Interfacing with trp2

The Textract response parser was the preferred way of handling Textract API output before the release of Textractor. If your current workflow uses the older library, you can easily reuse their functions through the compatibility API.

Installation

To begin, install the amazon-textract-textractor package using pip.

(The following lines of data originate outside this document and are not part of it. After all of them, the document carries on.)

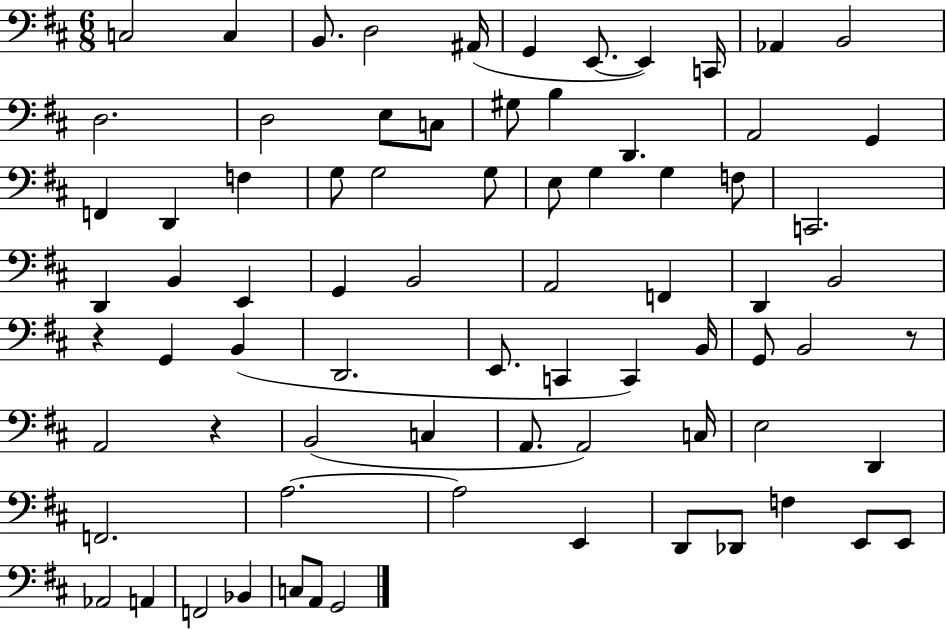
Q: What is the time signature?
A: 6/8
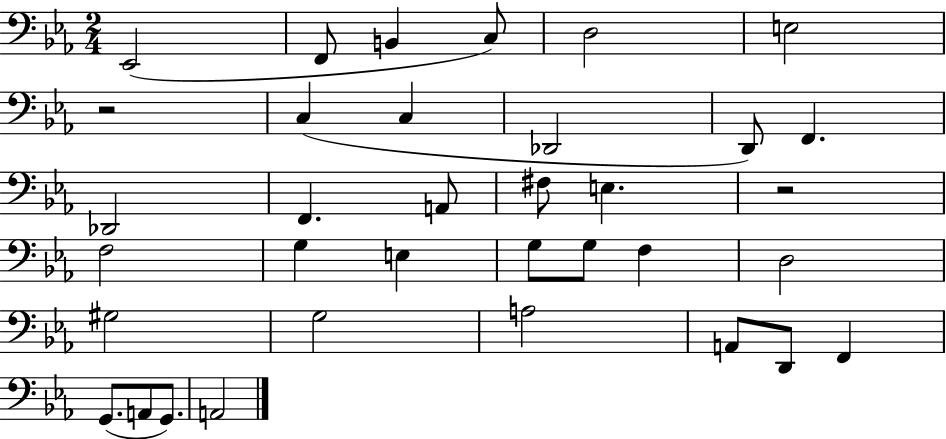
{
  \clef bass
  \numericTimeSignature
  \time 2/4
  \key ees \major
  ees,2( | f,8 b,4 c8) | d2 | e2 | \break r2 | c4( c4 | des,2 | d,8) f,4. | \break des,2 | f,4. a,8 | fis8 e4. | r2 | \break f2 | g4 e4 | g8 g8 f4 | d2 | \break gis2 | g2 | a2 | a,8 d,8 f,4 | \break g,8.( a,8 g,8.) | a,2 | \bar "|."
}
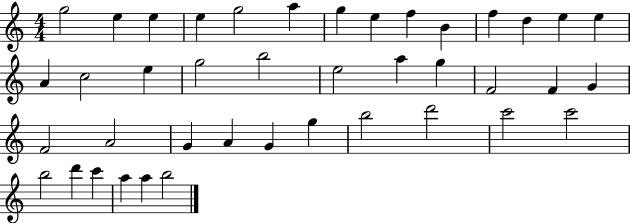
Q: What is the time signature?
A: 4/4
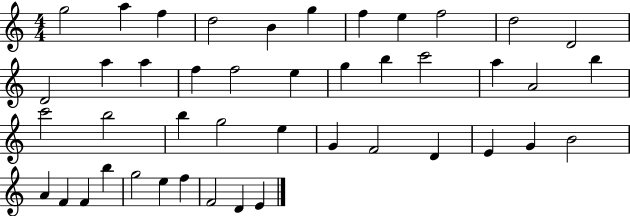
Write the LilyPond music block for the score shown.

{
  \clef treble
  \numericTimeSignature
  \time 4/4
  \key c \major
  g''2 a''4 f''4 | d''2 b'4 g''4 | f''4 e''4 f''2 | d''2 d'2 | \break d'2 a''4 a''4 | f''4 f''2 e''4 | g''4 b''4 c'''2 | a''4 a'2 b''4 | \break c'''2 b''2 | b''4 g''2 e''4 | g'4 f'2 d'4 | e'4 g'4 b'2 | \break a'4 f'4 f'4 b''4 | g''2 e''4 f''4 | f'2 d'4 e'4 | \bar "|."
}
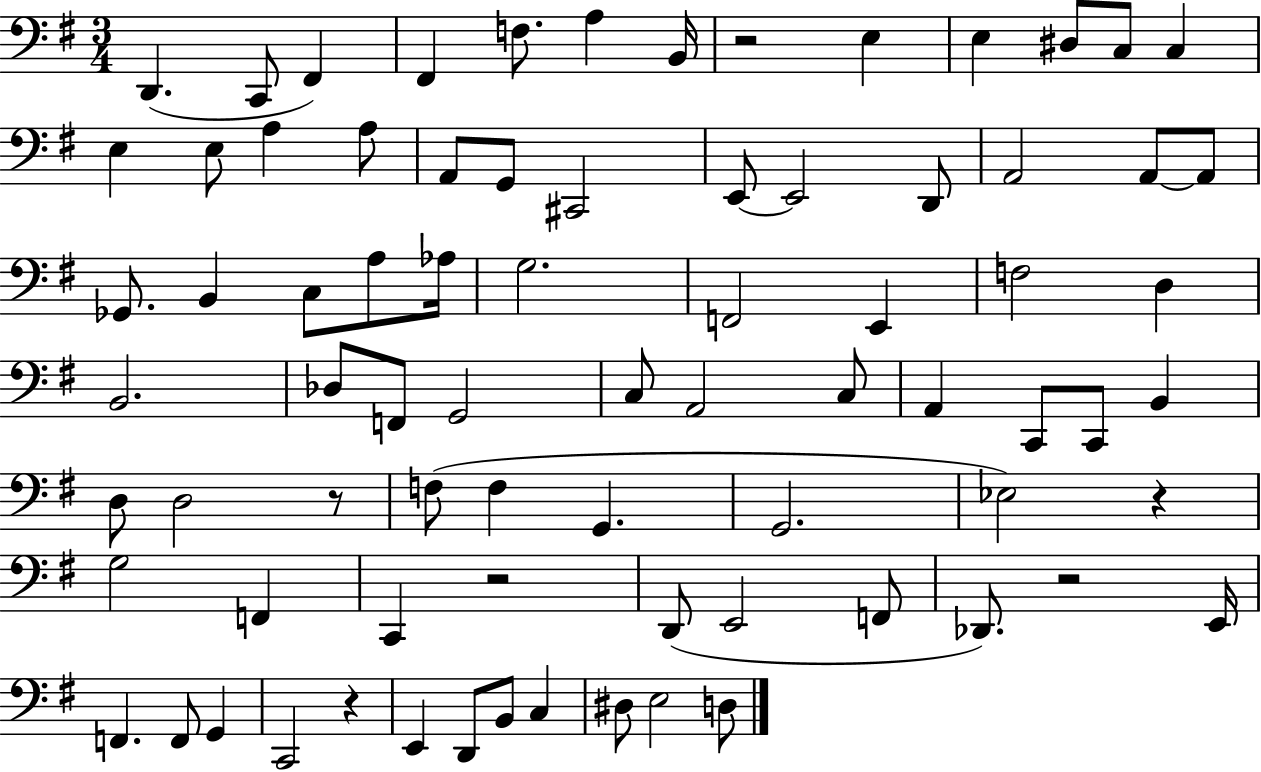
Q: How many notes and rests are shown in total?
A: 78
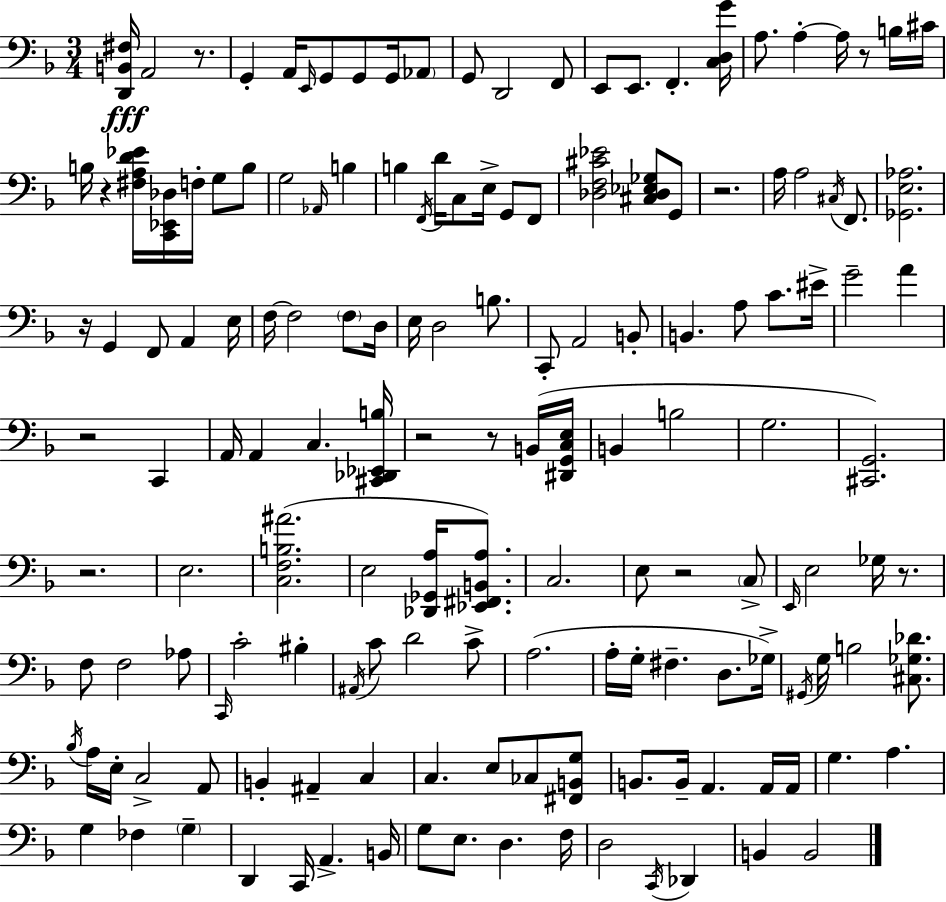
X:1
T:Untitled
M:3/4
L:1/4
K:F
[D,,B,,^F,]/4 A,,2 z/2 G,, A,,/4 E,,/4 G,,/2 G,,/2 G,,/4 _A,,/2 G,,/2 D,,2 F,,/2 E,,/2 E,,/2 F,, [C,D,G]/4 A,/2 A, A,/4 z/2 B,/4 ^C/4 B,/4 z [^F,A,D_E]/4 [C,,_E,,_D,]/4 F,/4 G,/2 B,/2 G,2 _A,,/4 B, B, F,,/4 D/4 C,/2 E,/4 G,,/2 F,,/2 [_D,F,^C_E]2 [^C,_D,_E,_G,]/2 G,,/2 z2 A,/4 A,2 ^C,/4 F,,/2 [_G,,E,_A,]2 z/4 G,, F,,/2 A,, E,/4 F,/4 F,2 F,/2 D,/4 E,/4 D,2 B,/2 C,,/2 A,,2 B,,/2 B,, A,/2 C/2 ^E/4 G2 A z2 C,, A,,/4 A,, C, [^C,,_D,,_E,,B,]/4 z2 z/2 B,,/4 [^D,,G,,C,E,]/4 B,, B,2 G,2 [^C,,G,,]2 z2 E,2 [C,F,B,^A]2 E,2 [_D,,_G,,A,]/4 [_E,,^F,,B,,A,]/2 C,2 E,/2 z2 C,/2 E,,/4 E,2 _G,/4 z/2 F,/2 F,2 _A,/2 C,,/4 C2 ^B, ^A,,/4 C/2 D2 C/2 A,2 A,/4 G,/4 ^F, D,/2 _G,/4 ^G,,/4 G,/4 B,2 [^C,_G,_D]/2 _B,/4 A,/4 E,/4 C,2 A,,/2 B,, ^A,, C, C, E,/2 _C,/2 [^F,,B,,G,]/2 B,,/2 B,,/4 A,, A,,/4 A,,/4 G, A, G, _F, G, D,, C,,/4 A,, B,,/4 G,/2 E,/2 D, F,/4 D,2 C,,/4 _D,, B,, B,,2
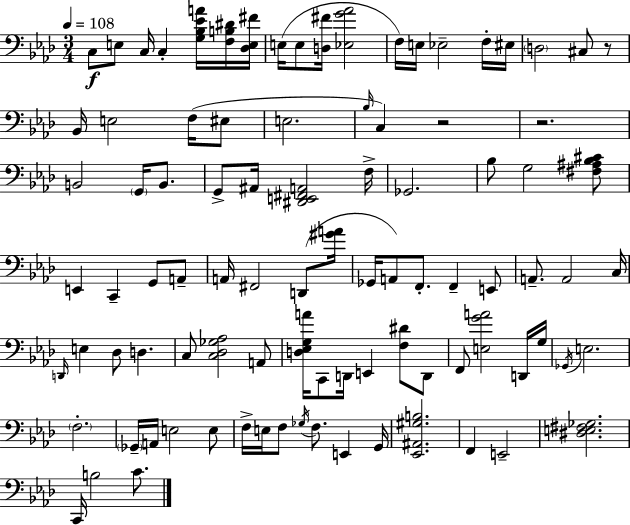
{
  \clef bass
  \numericTimeSignature
  \time 3/4
  \key f \minor
  \tempo 4 = 108
  c8\f e8 c16 c4-. <g bes ees' a'>16 <f b dis'>16 <des e fis'>16 | e16( e8 <d fis'>16 <ees g' aes'>2 | f16) e16 ees2-- f16-. eis16 | \parenthesize d2 cis8 r8 | \break bes,16 e2 f16( eis8 | e2. | \grace { bes16 } c4) r2 | r2. | \break b,2 \parenthesize g,16 b,8. | g,8-> ais,16 <dis, e, fis, a,>2 | f16-> ges,2. | bes8 g2 <fis ais bes cis'>8 | \break e,4 c,4-- g,8 a,8-- | a,16 fis,2 d,8( | <gis' a'>16 ges,16 a,8) f,8.-. f,4-- e,8 | a,8.-- a,2 | \break c16 \grace { d,16 } e4 des8 d4. | c8 <c des ges aes>2 | a,8 <d ees g a'>16 c,8 d,16 e,4 <f dis'>8 | d,8 f,8 <e g' a'>2 | \break d,16 g16 \acciaccatura { ges,16 } e2. | \parenthesize f2.-. | \parenthesize ges,16-- a,16 e2 | e8 f16-> e16 f8 \acciaccatura { ges16 } f8. e,4 | \break g,16 <ees, ais, gis b>2. | f,4 e,2-- | <dis e fis ges>2. | c,16 b2 | \break c'8. \bar "|."
}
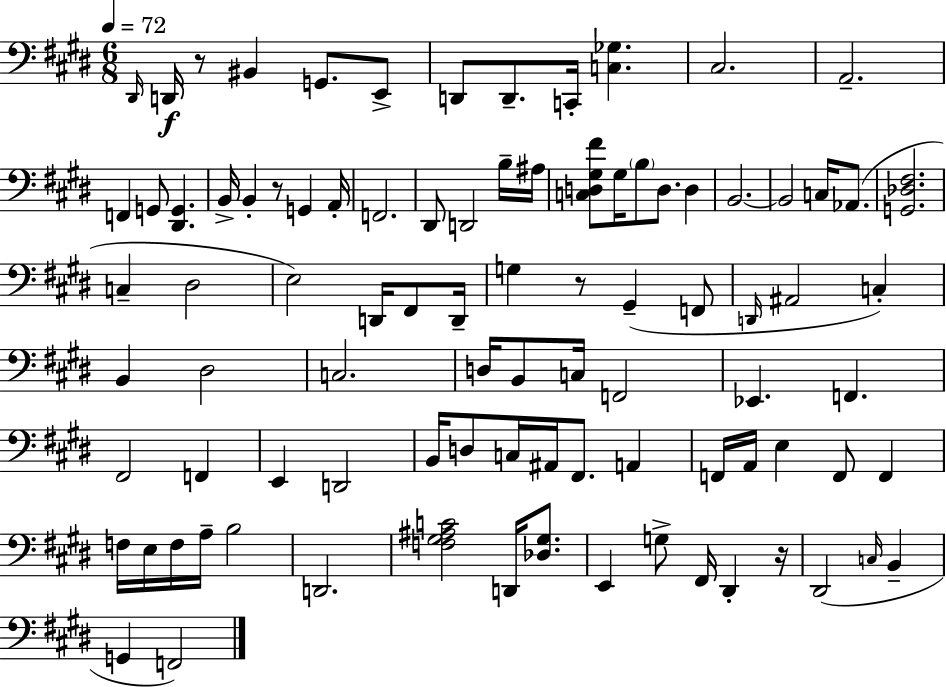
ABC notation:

X:1
T:Untitled
M:6/8
L:1/4
K:E
^D,,/4 D,,/4 z/2 ^B,, G,,/2 E,,/2 D,,/2 D,,/2 C,,/4 [C,_G,] ^C,2 A,,2 F,, G,,/2 [^D,,G,,] B,,/4 B,, z/2 G,, A,,/4 F,,2 ^D,,/2 D,,2 B,/4 ^A,/4 [C,D,^G,^F]/2 ^G,/4 B,/2 D,/2 D, B,,2 B,,2 C,/4 _A,,/2 [G,,_D,^F,]2 C, ^D,2 E,2 D,,/4 ^F,,/2 D,,/4 G, z/2 ^G,, F,,/2 D,,/4 ^A,,2 C, B,, ^D,2 C,2 D,/4 B,,/2 C,/4 F,,2 _E,, F,, ^F,,2 F,, E,, D,,2 B,,/4 D,/2 C,/4 ^A,,/4 ^F,,/2 A,, F,,/4 A,,/4 E, F,,/2 F,, F,/4 E,/4 F,/4 A,/4 B,2 D,,2 [F,^G,^A,C]2 D,,/4 [_D,^G,]/2 E,, G,/2 ^F,,/4 ^D,, z/4 ^D,,2 C,/4 B,, G,, F,,2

pip install amazon-textract-textractor

There are various sets of dependencies available to tailor your installation to your use case. The base package will have sensible default, but you may want to install the PDF extra dependencies if your workflow uses PDFs with pip install amazon-textract-textractor[pdfium]. You can read more on extra dependencies in the documentation

Calling Textract

[1]:
from textractor import Textractor

extractor = Textractor(profile_name="default")
# This path assumes that you are running the notebook from docs/source/notebooks
document = extractor.detect_document_text("../../../tests/fixtures/form.png")
[2]:
document
[2]:
This document holds the following data:
Pages - 1
Words - 259
Lines - 74
Key-values - 0
Checkboxes - 0
Tables - 0
Identity Documents - 0

Getting the trp2 document

All Document objects have a convenience function to_trp2() that is a shorthand for TDocumentSchema().load(document.response) and creates a matching trp2 document. Note that this behaves as a converter, not as a proxy so any changes done on the TDocument will not be passed to the Document object.

[4]:
trp2_document = document.to_trp2()

Conclusion

Textractor comes with everything you need to reuse components from your current workflow with the newer caller, pretty printer, or directional finder.